Differentiation of Streptococcus pneumoniae from other Streptococcus mitis group streptococci (SMGS) remains challenging despite the introduction of matrix-assisted laser desorption/ionization time-of-flight mass spectrometry (MALDI-TOF MS). While the bile solubility test (BST) provides most reliable discrimination of pneumococci, its practical implementation is limited by subjective visual interpretation and frequent inconclusive results. We aimed to develop a rapid confirmation BST based on direct-on-target MALDI-TOF MS assay. After establishment of optimal test conditions, test performance was evaluated on 36 consecutive clinical SMGS isolates. Colony material was suspended and pipetted onto a MALDI target. After drying, sodium deoxycholate in different concentrations (2%, 5%, and 10 %) was added. Incubation for 30 min (at room temperature or 35 °C) was followed by liquid removal and spot washing. After adding 70 % formic acid, spots were overlaid with matrix and measured (MALDI Biotyper smart, Bruker).
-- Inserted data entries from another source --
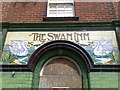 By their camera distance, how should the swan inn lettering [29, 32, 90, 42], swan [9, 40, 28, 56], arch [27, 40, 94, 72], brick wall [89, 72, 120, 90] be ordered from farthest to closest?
the swan inn lettering [29, 32, 90, 42]
swan [9, 40, 28, 56]
arch [27, 40, 94, 72]
brick wall [89, 72, 120, 90]

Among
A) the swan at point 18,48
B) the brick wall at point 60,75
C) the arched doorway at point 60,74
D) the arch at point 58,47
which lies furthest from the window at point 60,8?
the brick wall at point 60,75

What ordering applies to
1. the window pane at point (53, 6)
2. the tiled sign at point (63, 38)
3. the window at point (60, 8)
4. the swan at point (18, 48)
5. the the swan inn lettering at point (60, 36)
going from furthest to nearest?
the window pane at point (53, 6) → the window at point (60, 8) → the the swan inn lettering at point (60, 36) → the swan at point (18, 48) → the tiled sign at point (63, 38)

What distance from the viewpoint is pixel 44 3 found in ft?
21.9

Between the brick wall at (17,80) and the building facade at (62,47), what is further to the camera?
the building facade at (62,47)

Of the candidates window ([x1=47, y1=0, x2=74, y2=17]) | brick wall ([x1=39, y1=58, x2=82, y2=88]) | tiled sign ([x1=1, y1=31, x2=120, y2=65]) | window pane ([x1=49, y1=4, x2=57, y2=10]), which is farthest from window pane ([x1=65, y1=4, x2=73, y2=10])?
brick wall ([x1=39, y1=58, x2=82, y2=88])

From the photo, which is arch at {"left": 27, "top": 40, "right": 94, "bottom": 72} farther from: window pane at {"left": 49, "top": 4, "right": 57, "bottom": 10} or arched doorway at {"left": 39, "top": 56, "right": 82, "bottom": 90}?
window pane at {"left": 49, "top": 4, "right": 57, "bottom": 10}

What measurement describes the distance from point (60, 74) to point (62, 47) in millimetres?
1001

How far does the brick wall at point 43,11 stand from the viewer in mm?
6094

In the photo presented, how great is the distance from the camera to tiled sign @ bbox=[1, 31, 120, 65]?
5.08 metres

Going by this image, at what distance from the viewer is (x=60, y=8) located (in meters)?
6.62

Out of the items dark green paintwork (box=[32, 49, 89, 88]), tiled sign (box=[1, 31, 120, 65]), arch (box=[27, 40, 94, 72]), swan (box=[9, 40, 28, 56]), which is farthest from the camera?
swan (box=[9, 40, 28, 56])

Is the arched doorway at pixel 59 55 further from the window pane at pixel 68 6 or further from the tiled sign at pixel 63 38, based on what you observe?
the window pane at pixel 68 6

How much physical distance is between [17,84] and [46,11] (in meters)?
3.41

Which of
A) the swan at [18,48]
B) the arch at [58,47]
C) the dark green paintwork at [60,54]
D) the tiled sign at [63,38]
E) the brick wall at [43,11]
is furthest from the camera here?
the brick wall at [43,11] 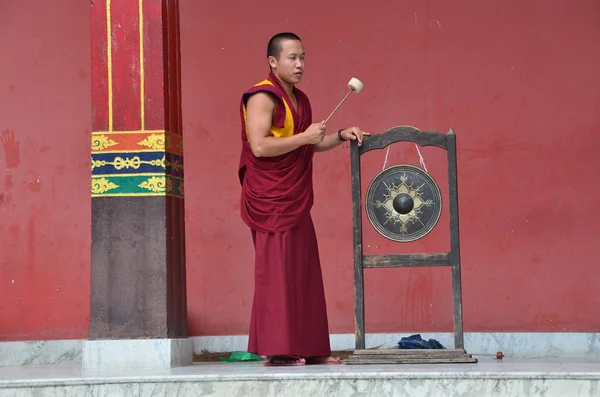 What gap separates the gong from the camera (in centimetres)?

The absence of microbial spectra (Biotyper score <1.7) in samples with sodium deoxycholate indicated efficient removal of bacterial biomass due to bile solubility, thus, identifying pneumococci. In contrast, scores ≥1.7 were interpreted as lack of bile solubility and confirmation as viridans streptococci other than S. pneumoniae. Highest test accuracy was achieved applying 5% sodium deoxycholate at 35 °C and 10 % sodium deoxycholate at room temperature. These test conditions provided 100 % sensitivity and 100 % specificity for discrimination of S. pneumoniae. The developed MALDI-TOF MS-based BST is an easy-to-perform assay with minimum hands-on time and objective readout. The promising results of this proof-of-principle study warrant confirmation with large collections of epidemiologically diverse strains.
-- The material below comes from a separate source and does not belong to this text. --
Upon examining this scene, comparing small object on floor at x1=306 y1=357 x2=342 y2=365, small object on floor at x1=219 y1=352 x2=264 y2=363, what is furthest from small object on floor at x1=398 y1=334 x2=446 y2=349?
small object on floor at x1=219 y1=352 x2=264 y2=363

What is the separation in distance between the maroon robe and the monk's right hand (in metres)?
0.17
分化肺炎链球菌从其它缓症链球菌尽管引入了基质辅助激光解吸/电离飞行时间质谱仪（MALDI-TOF MS），但是链球菌组（SMGS）仍然具有挑战性。虽然胆汁溶解度测试（BST）提供了对肺炎球菌的最可靠区分，但其实际实施受到主观视觉解释和频繁不确定的结果的限制。我们旨在开发基于直接靶向MALDI-TOF MS分析的快速确认BST。建立最佳测试条件后，对36个连续的临床SMGS分离株进行测试性能评估。将菌落材料悬浮并吸移到MALDI靶上。干燥后，加入不同浓度（2％，5％和10％）的脱氧胆酸钠。温育30分钟（在室温或35℃），然后除去液体并点洗。加入70％的甲酸后，将斑点覆盖在基质上并进行测量（MALDI Biotyper smart，Bruker）。含脱氧胆酸钠的样品中没有微生物谱（Biotyper得分<1.7），表明由于胆汁溶解性有效去除了细菌生物质，因此鉴定出肺炎球菌。相反，得分≥1.7则被解释为缺乏胆汁溶解性，并被确认为绿色链霉菌链球菌，而不是肺炎链球菌。在35°C下使用5％脱氧胆酸钠和在室温下使用10％脱氧胆酸钠可以达到最高的测试精度。这些测试条件为肺炎链球菌的鉴别提供了100％的灵敏度和100％的特异性。研发的基于MALDI-TOF MS的BST是一种易于操作的测定方法，具有最少的动手时间和客观的读数。这项原理验证研究的有希望的结果值得大量流行病学多样菌株的证实。